EXERCISE GOAL:
Repeat, exactly and with no pictures, the lines that run from the beginning of the entries through the line containing "EDGAR ALLAN POE (1809–1849)".

● ● ● ● ●

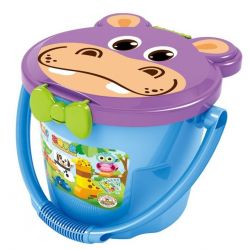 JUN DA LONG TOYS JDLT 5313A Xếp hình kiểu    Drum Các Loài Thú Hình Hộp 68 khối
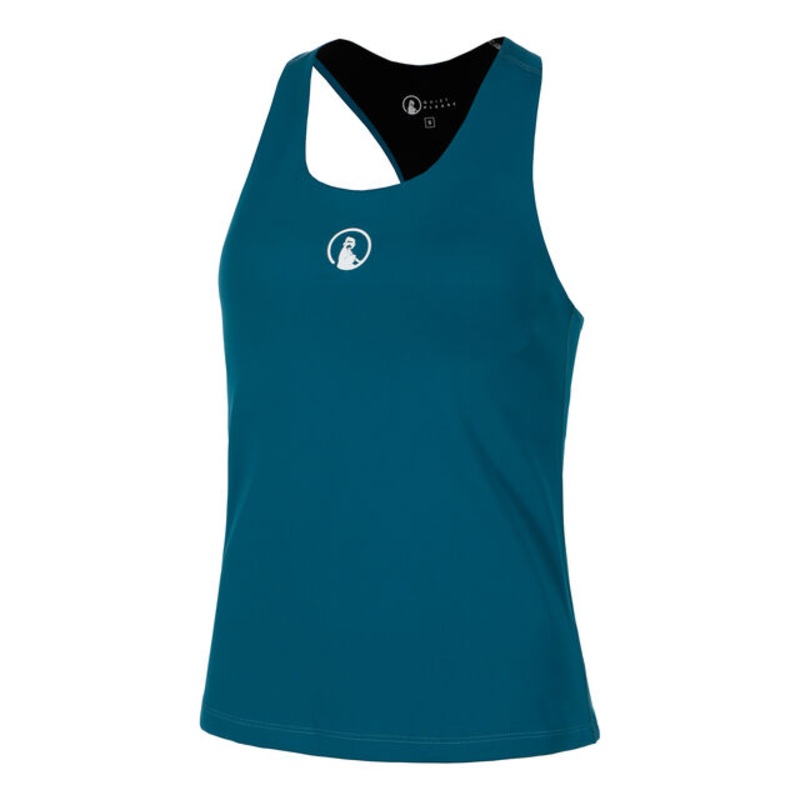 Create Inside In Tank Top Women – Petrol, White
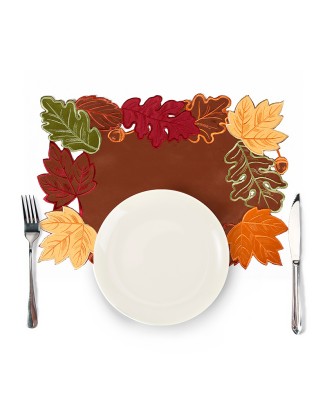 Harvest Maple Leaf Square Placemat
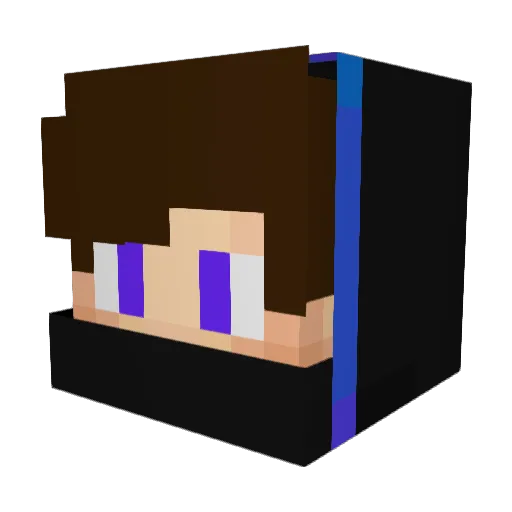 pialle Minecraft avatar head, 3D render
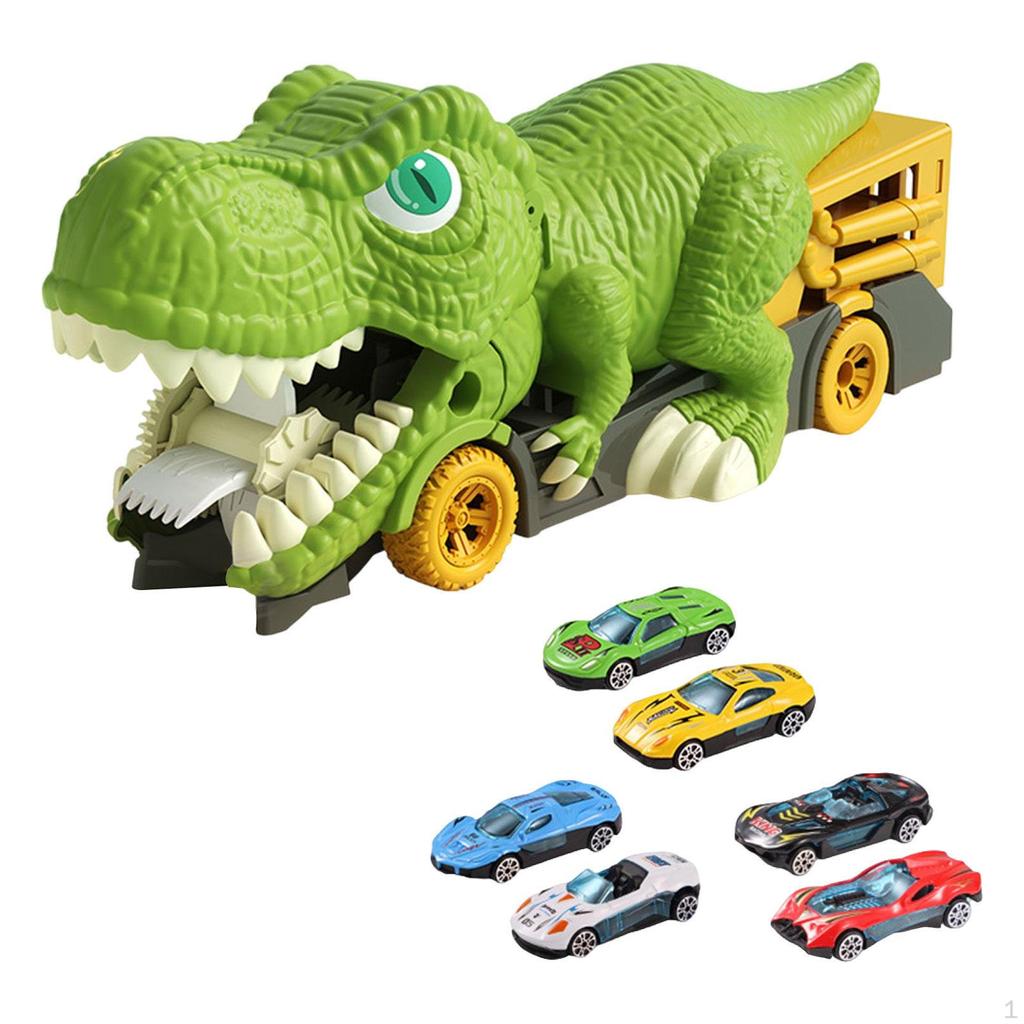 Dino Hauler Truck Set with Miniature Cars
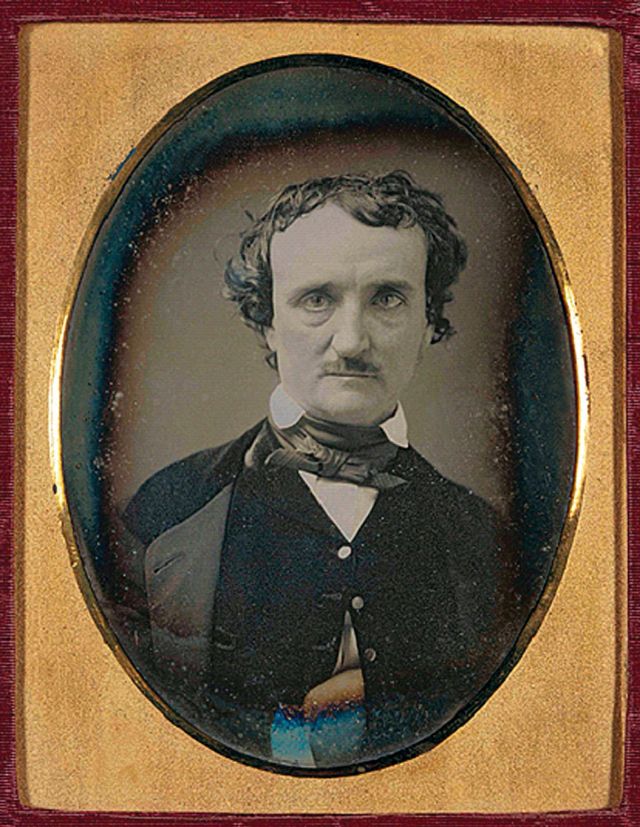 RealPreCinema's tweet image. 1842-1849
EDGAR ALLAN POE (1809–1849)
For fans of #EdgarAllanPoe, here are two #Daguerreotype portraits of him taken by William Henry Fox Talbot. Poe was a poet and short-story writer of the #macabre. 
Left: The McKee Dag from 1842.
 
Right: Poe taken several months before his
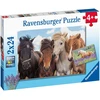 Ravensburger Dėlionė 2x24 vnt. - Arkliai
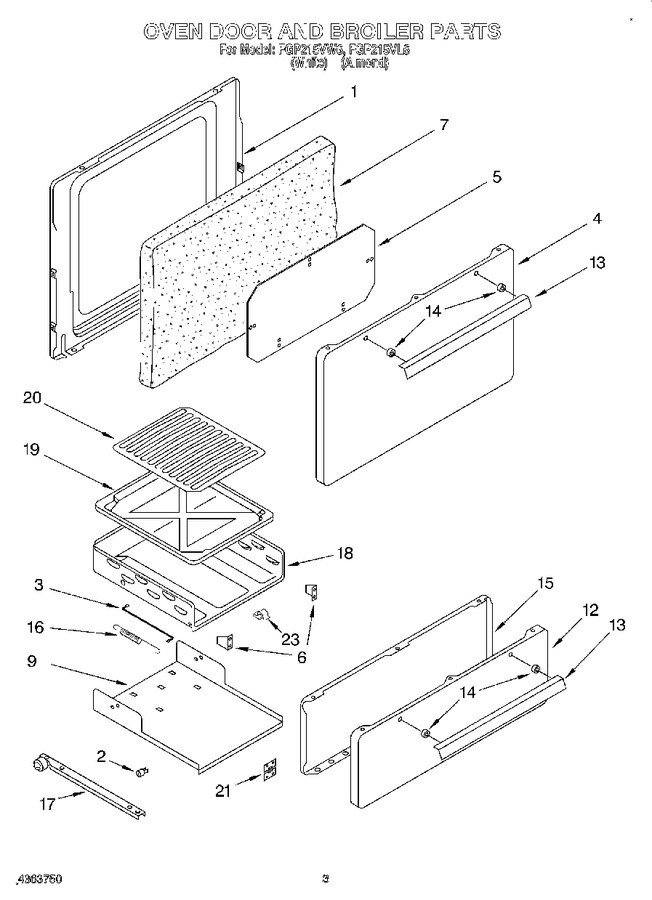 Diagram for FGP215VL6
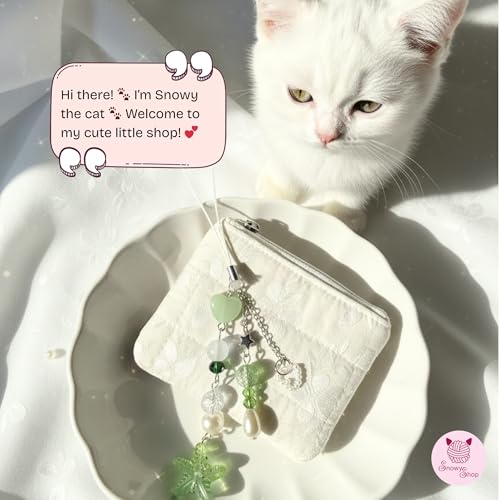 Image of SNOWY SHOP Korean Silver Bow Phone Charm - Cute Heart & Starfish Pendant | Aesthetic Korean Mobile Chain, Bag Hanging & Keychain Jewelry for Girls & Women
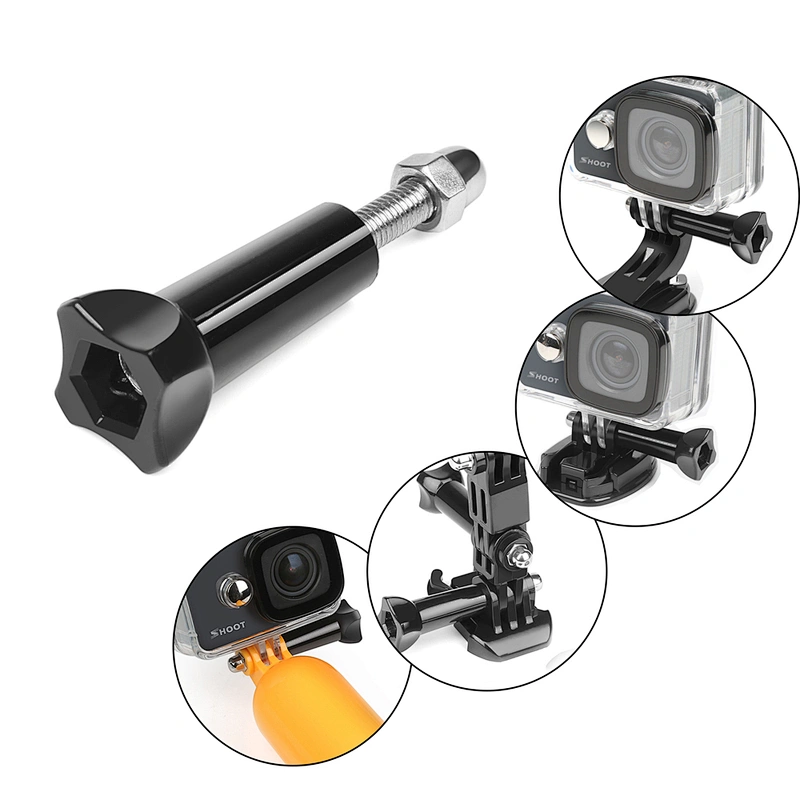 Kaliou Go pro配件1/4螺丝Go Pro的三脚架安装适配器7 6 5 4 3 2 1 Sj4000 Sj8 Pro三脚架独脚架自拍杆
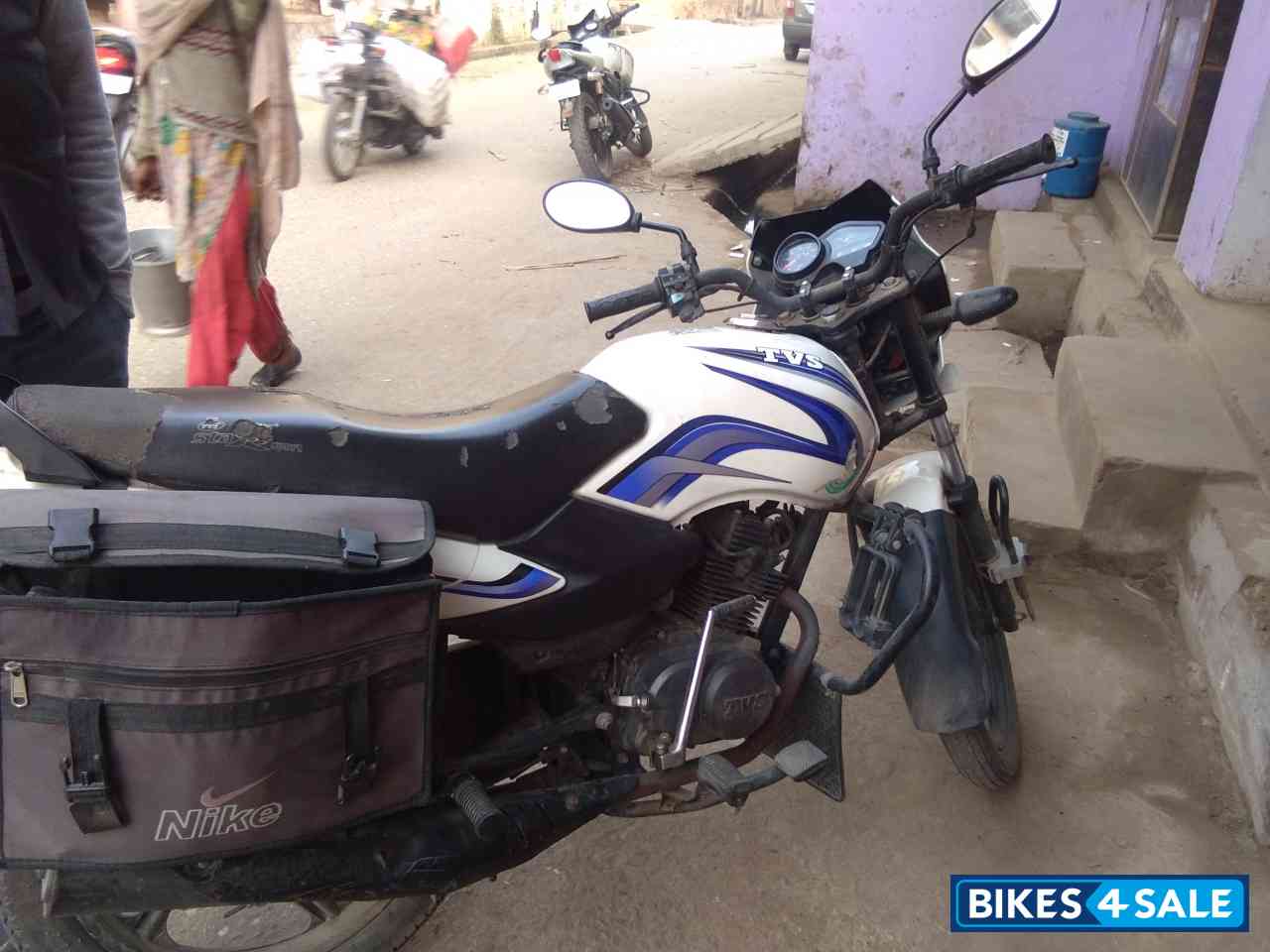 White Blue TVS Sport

● ● ● ● ●

WRITTEN RESPONSE:
 JUN DA LONG TOYS JDLT 5313A Xếp hình kiểu    Drum Các Loài Thú Hình Hộp 68 khối
 Create Inside In Tank Top Women – Petrol, White
 Harvest Maple Leaf Square Placemat
 pialle Minecraft avatar head, 3D render
 Dino Hauler Truck Set with Miniature Cars
 RealPreCinema's tweet image. 1842-1849
EDGAR ALLAN POE (1809–1849)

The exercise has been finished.